25. Rooty Toot Toot (John Hubley, 1951)

Phil Moore

Made a year after Kurosawa’s Rashomon was released, “Rooty Toot Toot” with its retelling-of-a-murder-through-several-perspectives narrative, must be one of the first creative works to jack the most jacked film of them all and is widely considered one of the most beautiful short animations ever made. Not that Columbia could see the value in any of this, going public in their condemnation of "RTT" as highfallutin (loosely interpreted as 'pretentious wank')

When John Hubley gets name checked as an influence on Hanna-Barbera’s (and eventually Walt Disney with “Sleeping Beauty”) modernist/expressionist style, it’s this one they’re talking about. United Productions of America and Hubley laid out the template for “beat” animation, giving birth to the seemingly incompatible palette of simple, angular drawings and languid, almost feline motion.
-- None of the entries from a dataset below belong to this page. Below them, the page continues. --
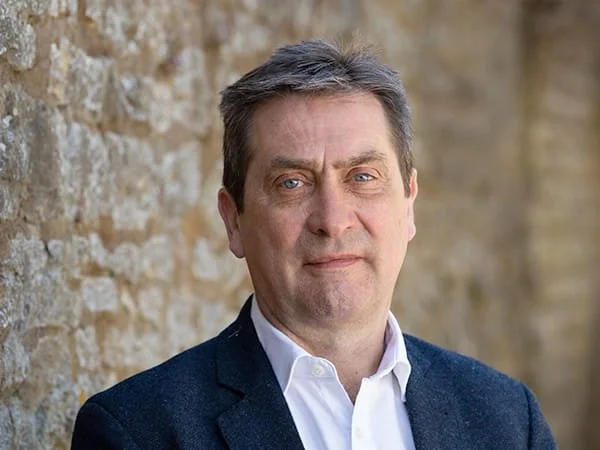 A man with short dark hair and blue eyes wearing a white shirt and dark blazer, standing outdoors with a stone wall background. Peter Cole, Loveday Partner.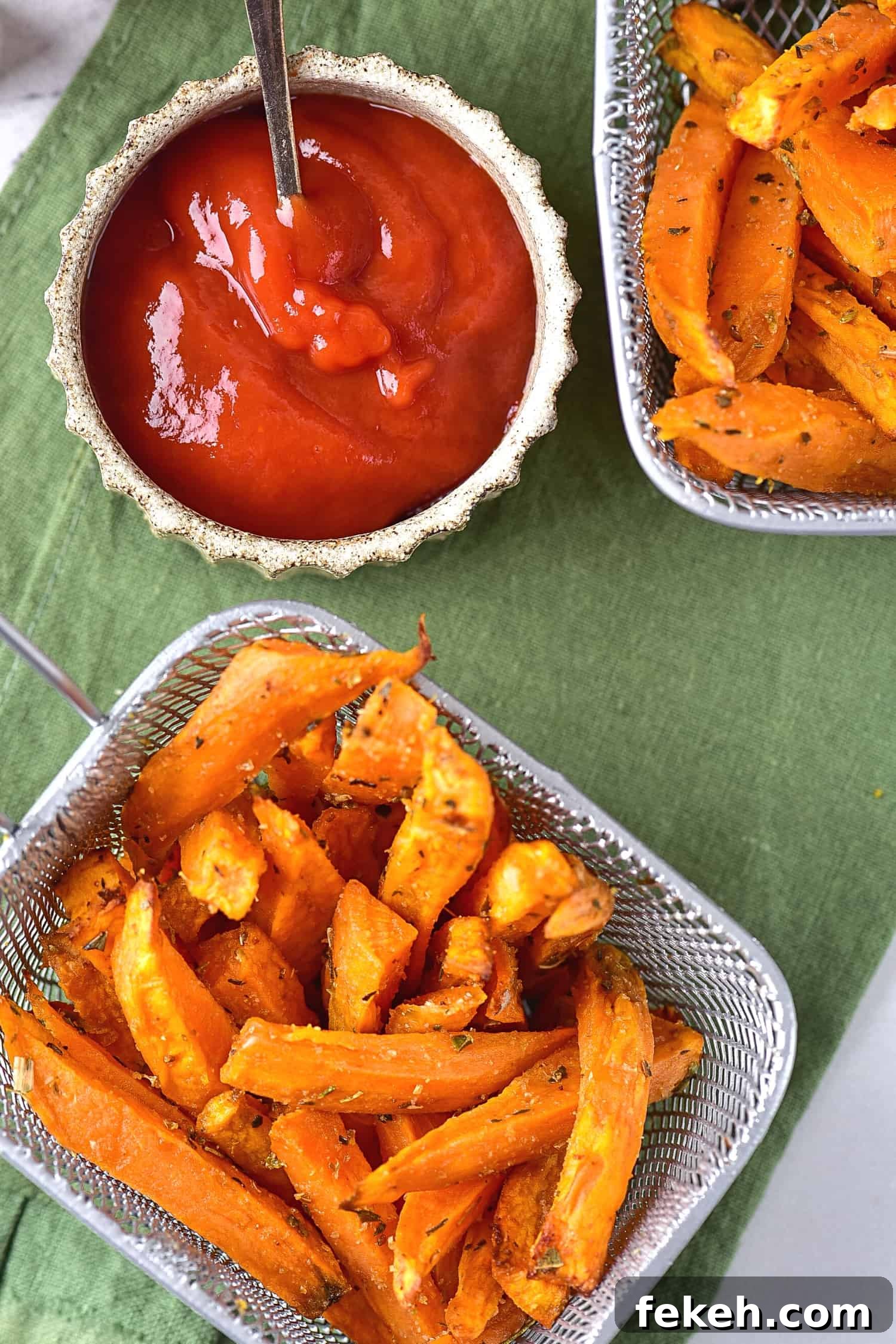 Top down view of sweet potato wedges and ketchup on a green cloth.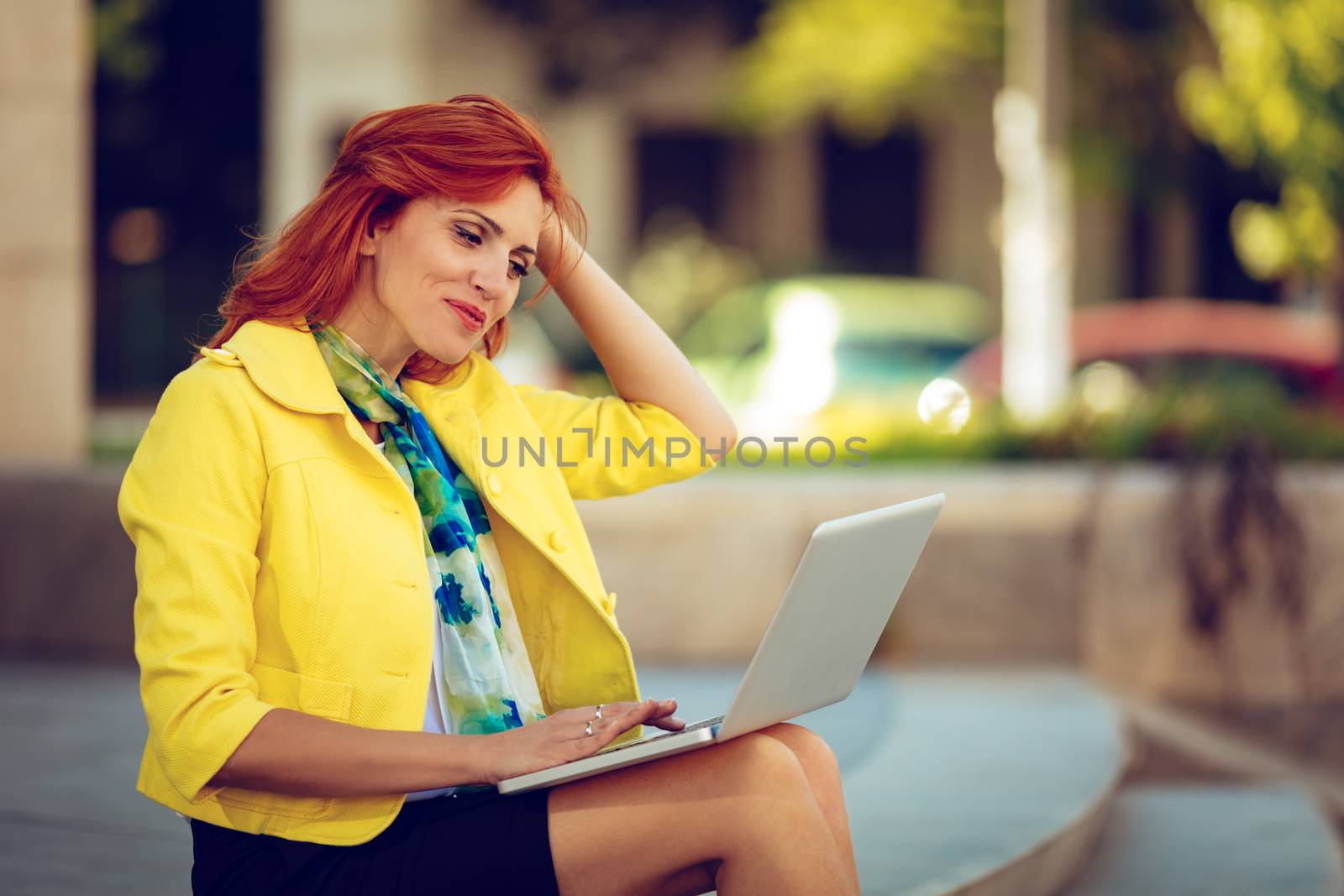 Smiling businesswoman sitting on stairs in office district and working at the laptop.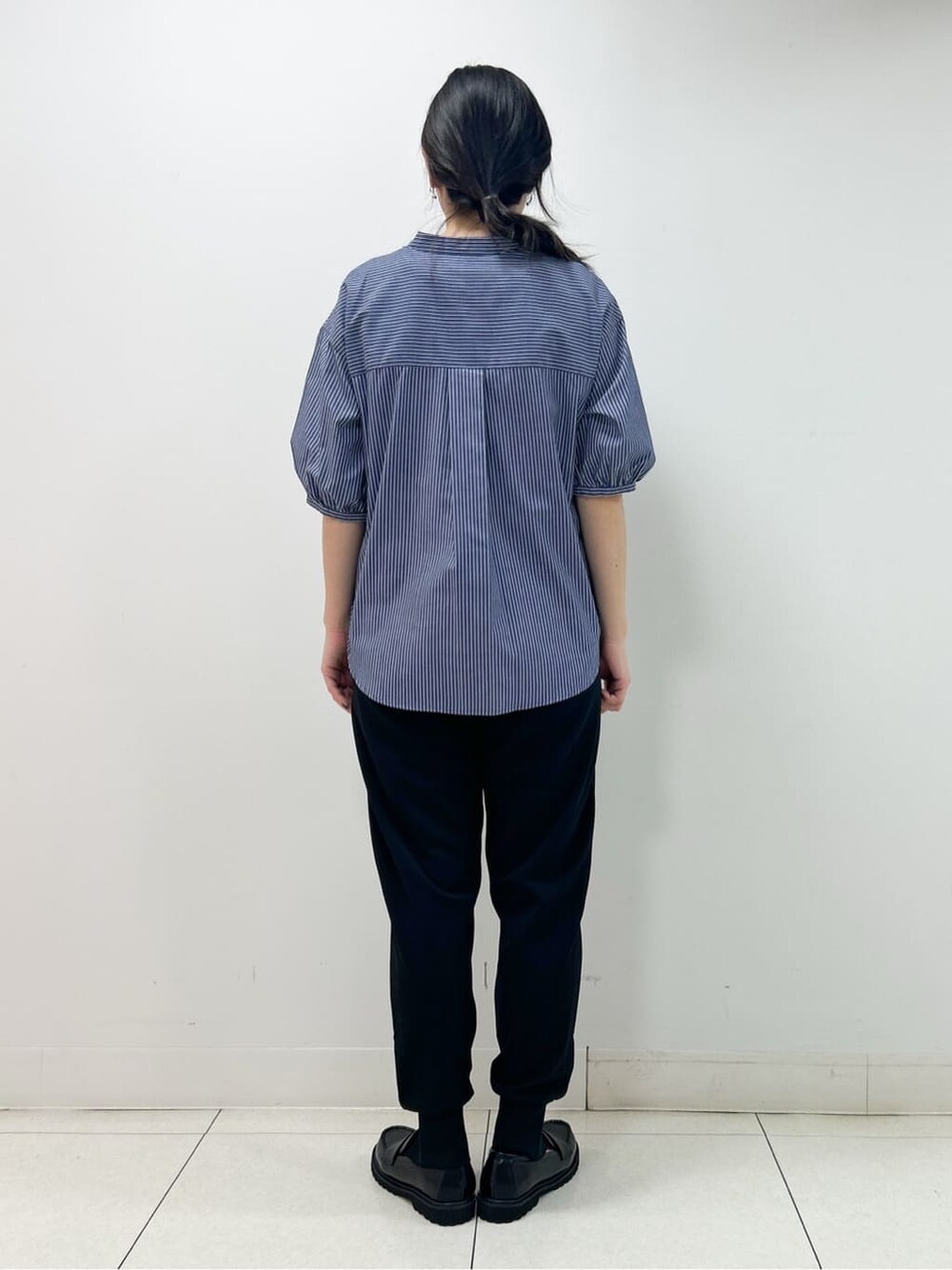 ブルー系のシャツ/ブラウス、ブラック系のその他パンツ、ブラック系のショルダーバッグを着用したレディースの秋コーディネートの3枚目の写真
I would have said the score by pianist Phil Moore is utilised in a similar fashion to “Rite of Spring” in Fantasia, if the Stravinsky segment didn’t seem so ponderous by comparison. It’s an impressively varied - almost unhinged - score for something of this length: in part ragtime, in part Jump Blues, part avant garde classical and liable to burst into Swiss-timed, big-band frenzy on a comedy gag.

26. Date With Dizzy (John Hubley, 1958)

Dizzy Gillespie, Sahib Shihab, Charlie Persip

These days, corporations and TV studios take themselves far too seriously for me to believe there’s any chance of another “Date With Dizzy” style satire on consumer culture. Real shame: Hubley's live-action anomaly is the Preston Sturges short film Preston Sturges never made!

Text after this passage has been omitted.